In a VC-exclusive blog, Craig guides us through the development of D'Addario's newest addition - the synthetic core Ascenté violin strings:
"In developing Ascenté, we really wanted to respond to the needs of teachers. They would tell us their students were ready for a string with more tonal range than steel core strings could offer, but they didn’t want to be constantly tuning or replacing broken strings during rehearsal. So, that’s where we started; make a good sounding string with a great synthetic feel that has excellent tuning stability and lasts a long time.
Ascenté construction was inspired by the design breakthroughs we had with our Kaplan line of strings. The synthetic core and synthetic winding construction – a feature unique to D’Addario – combined with special alloys allowed us to achieve our goals for tone, stability, and durability.
Ascenté strings are balanced and bright, expanding the player’s tonal palette with sophistication and consistency. They get their unique sound from their core, which is made of a “super low stretch” variant of the same synthetic material found in most professional violin strings. Our Zyex, Kaplan, and now Ascenté lines all use polyether ether ketone (PEEK for short) in the core. During manufacturing this core is processed specifically to minimize stretch under constant tension (sometimes called creep), making these strings incredibly pitch stable.

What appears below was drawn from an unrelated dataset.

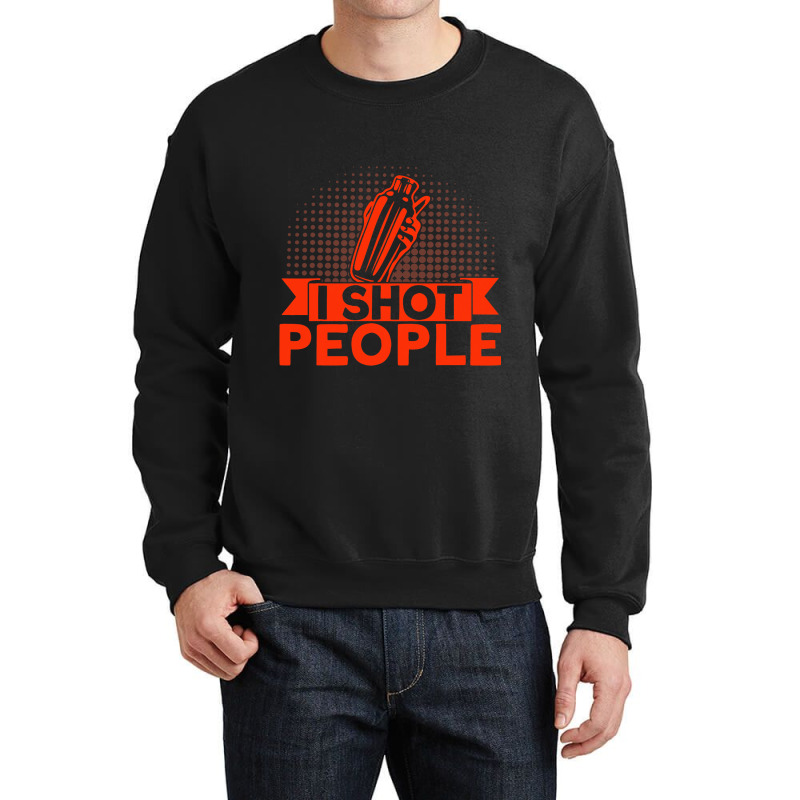 Bartender I Shot People 1 Crewneck Sweatshirt by SiddharthaGish | Artistshot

Playability and feel under the fingers were important to us too. The synthetic core already provides a huge improvement over steel, but we also wanted to choose winding materials that feel great while playing. We chose a copper / nickel alloy called monel for the outermost winding of the G and D strings. Monel has a silky smooth surface, is harder than silver, and has the additional benefit of being highly corrosion-resistant! As a matter of fact, this material is often used with salt water applications for exactly this reason.
As in Kaplan violin strings, Ascenté G, D, and A strings use an additional high tech synthetic wrap for torsional stiffness (resistance to twisting while bowing) inside the string. This had significant ramifications with regard to A-string construction. Traditional A-string construction utilizes two extremely thin wraps of aluminum over the core to achieve the torsional stiffness and mass per unit length necessary to vibrate at 440 Hz. That super thin outer layer of aluminum wears out quickest, which is why you might find that your A-string is frequently the first to need changing. Since Ascenté uses that special synthetic wrap inside the string, we were able to consolidate the two thin aluminum layers into a single thicker aluminum wrap. It’s twice as thick as any other A-string’s outermost winding, giving it a significantly longer string life while maintaining the same diameter, great playability, and powerful sound!
That should answer just about any question you had about the new strings, except for one. Why is the silking orange? That’s a story for another day.